Witaj, musisz się przywyczaić, że tu same pisarki :-) mało tego - pogódź się z tym że to WCIĄGA i też zostaniesz producentką pościków, których inne chwilkę nieobecne nie będą w stanie nadrobić :-D

A ja dzisiaj smutna jestem, przeczyściło mnie od rana i znowu okazuje się, że nic nie przytyłam:(:(:( stoję na 57 kg i kurcze brzuszek o połowę mniejszy, i pomyśleć, że to wszystko we mnie siedziało:(

No nic kochane miłego dnia słoneczka...........

Oj kochana absolutnie się nie martw... waga nie ma znaczenia - ważne są badania jesli wyniki będziesz miała dobrze - żadnej anemii i tym podobnych to tylko się cieszyć! :tak::tak::-D

ehtele a w kwestii wagi to moja droga karmienie piersią to najlepsza dietka :-):tak:
 
reklama
marulka-zgadzam się karmienie+spacery=dieta cud. Zgubiłam 26 ciążowych i 6 kiedyś tam odłożonych:tak:;-).Po ciązy mówili,że jestem szczuplejsza niz przed ciążą:-).

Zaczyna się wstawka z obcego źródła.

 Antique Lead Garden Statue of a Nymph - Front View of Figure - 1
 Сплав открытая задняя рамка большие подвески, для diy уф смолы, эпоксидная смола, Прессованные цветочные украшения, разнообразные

A jeżeli chodzi o alkohol to grama nie piję od kwietnia 2008- pierwsza ciąża, później karmienie,a teraz druga ciąża:tak:
Moja koleżanka za to codziennie przez całą ciążę po 2-3 piwa dziennie i papieroski do tego:no:. Każdy robi jak chce, ja swojemu dziecku nie funduję takich atrakcji.